FIG. 2 shows a cross section of a prior art made-up tubular threaded connection with wedge threads as disclosed in U.S. Pat. No. RE 30,647 issued to Blose, which is assigned to the assignee of the present invention and incorporated herein by reference. Wedge threads are characterized by threads with increase in width (i.e. axial distance between flanks 208 and 209) in opposite directions on the pin connection 201 and box connection 2000. Wedge threads are extensively disclosed in U.S. Pat. No. RE 34,467 issued to Reeves, U.S. Pat. No. 4,703,954 issued to Ortloff, and U.S. Pat. No. 5,454,605 issued to Mott, all assigned to the assignee of the present invention and incorporated herein by reference. This made-up connection consists of female box connection 200, and male pin connection 201. The made-up connection has overall connection length 202 (or the quantity L1) from pin nose 203 to box nose 204, and engaged thread length 205 (or the quantity L2) from the beginning of first engaged thread on the pin 206 to the end of last engaged thread on the pin 207. Note that engaged thread length 205 cannot always be measured in the same axial plane as implied by FIG. 2, as the start of the first engaged thread will not always lie in the same axial plane as the end of the last engaged thread.

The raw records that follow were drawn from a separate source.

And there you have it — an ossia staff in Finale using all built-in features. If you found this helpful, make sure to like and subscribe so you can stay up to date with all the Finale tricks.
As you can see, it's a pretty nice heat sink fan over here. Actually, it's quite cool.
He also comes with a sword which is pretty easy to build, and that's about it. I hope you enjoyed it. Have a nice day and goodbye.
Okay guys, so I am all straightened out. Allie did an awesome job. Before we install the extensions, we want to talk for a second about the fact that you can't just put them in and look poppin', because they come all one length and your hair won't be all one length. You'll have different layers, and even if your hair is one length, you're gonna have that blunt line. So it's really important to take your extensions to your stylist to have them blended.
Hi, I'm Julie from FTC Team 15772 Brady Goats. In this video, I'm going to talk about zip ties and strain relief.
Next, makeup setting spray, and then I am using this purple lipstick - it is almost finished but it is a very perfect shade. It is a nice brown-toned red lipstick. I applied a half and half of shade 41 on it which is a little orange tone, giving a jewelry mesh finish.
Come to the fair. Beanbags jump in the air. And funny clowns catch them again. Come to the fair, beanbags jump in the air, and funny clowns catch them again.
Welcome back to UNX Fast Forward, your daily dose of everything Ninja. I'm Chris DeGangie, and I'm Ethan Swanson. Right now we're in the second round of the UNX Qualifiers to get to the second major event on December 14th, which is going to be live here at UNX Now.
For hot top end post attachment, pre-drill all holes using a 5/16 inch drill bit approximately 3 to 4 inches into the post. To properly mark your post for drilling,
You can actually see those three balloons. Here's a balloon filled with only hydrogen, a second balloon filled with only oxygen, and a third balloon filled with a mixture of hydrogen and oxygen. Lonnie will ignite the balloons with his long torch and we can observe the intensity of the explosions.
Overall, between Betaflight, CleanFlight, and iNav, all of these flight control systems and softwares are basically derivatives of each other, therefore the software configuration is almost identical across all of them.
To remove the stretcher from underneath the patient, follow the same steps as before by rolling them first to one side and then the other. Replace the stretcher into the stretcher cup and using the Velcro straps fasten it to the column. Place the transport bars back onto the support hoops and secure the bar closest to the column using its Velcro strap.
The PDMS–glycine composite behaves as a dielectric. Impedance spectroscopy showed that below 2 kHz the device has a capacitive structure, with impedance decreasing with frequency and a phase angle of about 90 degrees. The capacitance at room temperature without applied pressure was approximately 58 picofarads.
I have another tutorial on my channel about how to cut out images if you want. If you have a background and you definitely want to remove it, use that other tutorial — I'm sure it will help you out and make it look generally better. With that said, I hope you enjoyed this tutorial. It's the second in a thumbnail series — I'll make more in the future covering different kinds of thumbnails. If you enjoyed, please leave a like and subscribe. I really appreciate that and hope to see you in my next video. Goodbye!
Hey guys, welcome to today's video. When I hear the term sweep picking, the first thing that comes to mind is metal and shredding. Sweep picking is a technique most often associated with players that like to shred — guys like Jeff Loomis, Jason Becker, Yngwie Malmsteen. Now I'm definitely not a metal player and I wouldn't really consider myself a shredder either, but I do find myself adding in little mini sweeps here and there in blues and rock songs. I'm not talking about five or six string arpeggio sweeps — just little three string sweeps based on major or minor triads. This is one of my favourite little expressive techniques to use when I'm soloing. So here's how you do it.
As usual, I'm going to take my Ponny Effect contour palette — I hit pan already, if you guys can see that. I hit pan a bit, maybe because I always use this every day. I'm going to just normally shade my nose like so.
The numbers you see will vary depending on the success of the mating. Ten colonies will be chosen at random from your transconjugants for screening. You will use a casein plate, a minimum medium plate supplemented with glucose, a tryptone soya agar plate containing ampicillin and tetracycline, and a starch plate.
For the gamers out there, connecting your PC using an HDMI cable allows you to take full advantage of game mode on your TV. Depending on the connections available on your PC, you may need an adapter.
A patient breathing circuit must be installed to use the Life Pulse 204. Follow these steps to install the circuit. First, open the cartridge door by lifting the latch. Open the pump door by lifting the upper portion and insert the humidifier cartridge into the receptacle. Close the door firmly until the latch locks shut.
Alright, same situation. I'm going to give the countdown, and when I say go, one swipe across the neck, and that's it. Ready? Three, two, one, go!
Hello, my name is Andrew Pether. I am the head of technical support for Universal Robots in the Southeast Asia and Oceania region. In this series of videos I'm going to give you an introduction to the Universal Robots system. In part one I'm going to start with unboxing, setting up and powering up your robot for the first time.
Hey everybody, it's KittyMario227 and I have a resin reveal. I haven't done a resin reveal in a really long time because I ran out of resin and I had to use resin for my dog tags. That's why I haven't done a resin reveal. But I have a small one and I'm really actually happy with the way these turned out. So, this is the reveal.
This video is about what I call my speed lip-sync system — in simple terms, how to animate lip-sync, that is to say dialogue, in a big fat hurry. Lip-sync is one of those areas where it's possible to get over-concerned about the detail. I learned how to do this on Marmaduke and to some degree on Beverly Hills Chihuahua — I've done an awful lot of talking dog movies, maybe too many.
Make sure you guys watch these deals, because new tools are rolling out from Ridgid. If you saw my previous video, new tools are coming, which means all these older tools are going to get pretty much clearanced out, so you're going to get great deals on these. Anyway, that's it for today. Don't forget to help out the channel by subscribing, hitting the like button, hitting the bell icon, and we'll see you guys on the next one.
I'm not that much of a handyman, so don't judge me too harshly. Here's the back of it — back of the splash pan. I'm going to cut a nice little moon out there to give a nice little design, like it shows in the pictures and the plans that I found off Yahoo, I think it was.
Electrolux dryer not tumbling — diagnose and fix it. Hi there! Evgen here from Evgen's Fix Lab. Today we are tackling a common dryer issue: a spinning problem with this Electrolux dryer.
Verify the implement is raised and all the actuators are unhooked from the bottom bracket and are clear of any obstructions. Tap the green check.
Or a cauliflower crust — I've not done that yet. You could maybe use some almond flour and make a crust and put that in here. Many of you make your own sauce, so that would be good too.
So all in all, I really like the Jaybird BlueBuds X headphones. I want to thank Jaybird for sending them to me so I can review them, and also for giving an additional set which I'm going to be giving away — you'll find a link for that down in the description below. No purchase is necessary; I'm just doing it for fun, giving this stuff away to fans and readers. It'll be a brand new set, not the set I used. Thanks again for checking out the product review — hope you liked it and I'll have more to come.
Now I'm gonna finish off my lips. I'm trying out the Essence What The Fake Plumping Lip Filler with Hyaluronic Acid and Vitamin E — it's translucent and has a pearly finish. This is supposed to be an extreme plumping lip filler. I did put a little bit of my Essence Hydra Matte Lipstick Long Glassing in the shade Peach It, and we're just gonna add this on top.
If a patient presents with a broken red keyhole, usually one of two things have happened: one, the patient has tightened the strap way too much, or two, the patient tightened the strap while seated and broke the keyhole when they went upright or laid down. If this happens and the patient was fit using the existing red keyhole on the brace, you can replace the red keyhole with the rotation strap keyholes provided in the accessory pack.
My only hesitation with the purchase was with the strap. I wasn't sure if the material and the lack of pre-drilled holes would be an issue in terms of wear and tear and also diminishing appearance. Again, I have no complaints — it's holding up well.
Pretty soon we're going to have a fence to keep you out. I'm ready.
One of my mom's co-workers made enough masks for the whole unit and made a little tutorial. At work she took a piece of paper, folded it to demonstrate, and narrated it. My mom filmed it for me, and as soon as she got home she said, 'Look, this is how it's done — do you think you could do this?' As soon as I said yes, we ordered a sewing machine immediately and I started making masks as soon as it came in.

The wedge thread-form has stab flanks 208, so called because they generally come into contact when the threaded connection is initially “stabbed” together to be made-up. The stab flanks 208 support the weight of the tubular before the connection is fully made-up. The thread-form also has load flanks 209, so called because they carry tensile load exerted on a made-up connection within a string of casing hanging in a wellbore. The thread-form on pin connection 201 has pin thread roots 210 and pin thread crests 211. The thread-form on box connection 200 has box thread roots 212 and box thread crests 213.
Referring to FIG. 2, one distinction between U.S. Pat. No. RE 30,647 issued to Blose and U.S. Pat. No. RE 34,467 issued to Reeves is that Blose discloses a wedge thread with clearance between the pin thread crest 211 and box thread root 212 and between the box thread crest 213 and pin thread root 210, while Reeves discloses a selected amount of interference between the roots and crests. Root-crest interference, in addition to the stab flank and load flank interferences inherent in wedge threads, provides a thread seal. This thread seal can provide a backup to other sealing mechanisms, or it can be used alone. The clearance disclosed by Blose is shown as gap A and gap B in FIG. 2. Wedge threads as disclosed by Reeves have replaced those taught by Blose in part because gaps A and B prevent the connection from being able to seal high pressures.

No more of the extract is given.